On Monday, Republican front-runner Donald Trump told the Wall Street Journal that, if elected president, he would cut funds to the Department of Education and the Environmental Protection Agency:
Education policy … should be returned to the states, and he said he would end the Common Core education standards, which conservatives view as federal overreach.
“Education should be local and locally managed,” said Mr. Trump, who also attacked the administration’s environmental policies. “The Environmental Protection Agency is the laughingstock of the world.”
Back in October, Trump targeted the same two agencies in even stronger language, as the Huffington Post reported at the time:
“No, I’m not cutting services, but I’m cutting spending. But I may cut Department of Education. I believe Common Core is a very bad thing. I believe that we should be—you know, educating our children from Iowa, from New Hampshire, from South Carolina, from California, from New York. I think that it should be local education,” Trump said.
So the Department of Education is one,” he continued. “Environmental Protection, what they do is a disgrace. Every week they come out with new regulations.”
Trump, though perhaps a late-blooming Republican, is learning the lingo well, for hating on the federal Department of Education has long been a favorite hobbyhorse of leading GOP candidates. The department only became a Cabinet-level agency in 1980, at the end of Jimmy Carter’s presidency; as soon as Ronald Reagan took the reins, he vowed to close it down.
And since everything Reagan did (except, you know, increasing taxes and supporting background checks over assault weapons and offering amnesty to undocumented immigrants) is manifestly awesome, many of his worshipful GOP successors—with the very prominent exception of George W. Bush—have energetically taken up the Department of Education–hating mantle. In the previous election, Texas Gov. Rick Perry, with characteristic lyricism, vowed to abolish the agency, along with some other really hard-to-remember stuff: “It’s three agencies of government when I get there that are gone: Commerce, Education, and the, uh… what’s the third one there?”
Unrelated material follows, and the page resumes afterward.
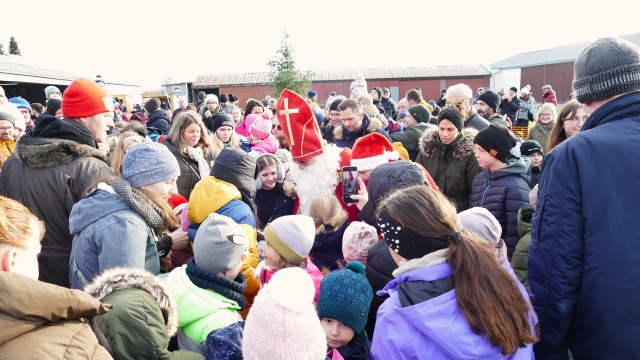 Die Kinder waren überglücklich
In this cycle, pretty much everyone who’s anyone in the GOP field has gotten on board with the call to abolish or at least seriously starve the Department of Education. Of the contenders recently relegated to the JV debate table, Carly Fiorina—once an outspoken supporter of federal education policies like No Child Left Behind and even Obama’s Race to the Top—told the Christian Post last year that “the bigger our education department becomes, the worse our public education becomes.” The ever-consistent Rand Paul has never had much use for Washington’s education bureaucracy; in 2014, he said, “I don’t think you’d notice if the whole department was gone tomorrow.”
And so on and so forth. Florida Sen. Marco Rubio has said, “I honestly think we don’t need a Department of Education,” while Texas Sen. Ted Cruz has frequently applied one of his favorite verbs, “abolish,” to the Department of Education, which ranks No. 2 on his “Five for Freedom” list, after the IRS and before the Department of Energy (the “Washington Cartel”), the Department of Commerce (the “congressional cookie jar”), and the Department of Housing and Urban Development. President Cruz would “return education to those who know our students best: parents, teachers, local communities, and states.”
Other candidates have suggested tweaks to the department in its current form. For example: In October, Ben Carson said that, when he becomes president, he’ll use the Department of Education “to monitor our institutions of higher education for extreme political bias and deny federal funding if it exists.”
And New Jersey Gov. Chris Christie, though a prominent flip-flopper on the Common Core, has directed more of his ire toward teachers unions than the Department of Education, which he has never promised to eliminate (yet!). Ditto for everyone’s favorite “education governor,” Jeb Bush, who has come out for a “limited” federal role in education:
It should work to create transparency so that parents can see how their local schools measure up; it should support policies that have a proven record; and it should make sure states can’t ignore students who need extra help. That’s it.
Is that it for Donald Trump, too? It will be interesting to watch what the real-estate mogul’s continuing evolution brings us on the education front. The man who in 2004 said “I probably identify more as a Democrat” might deviate from the GOP on many issues, but when he’s doing a fine job of echoing his new party’s scorn for big-government education.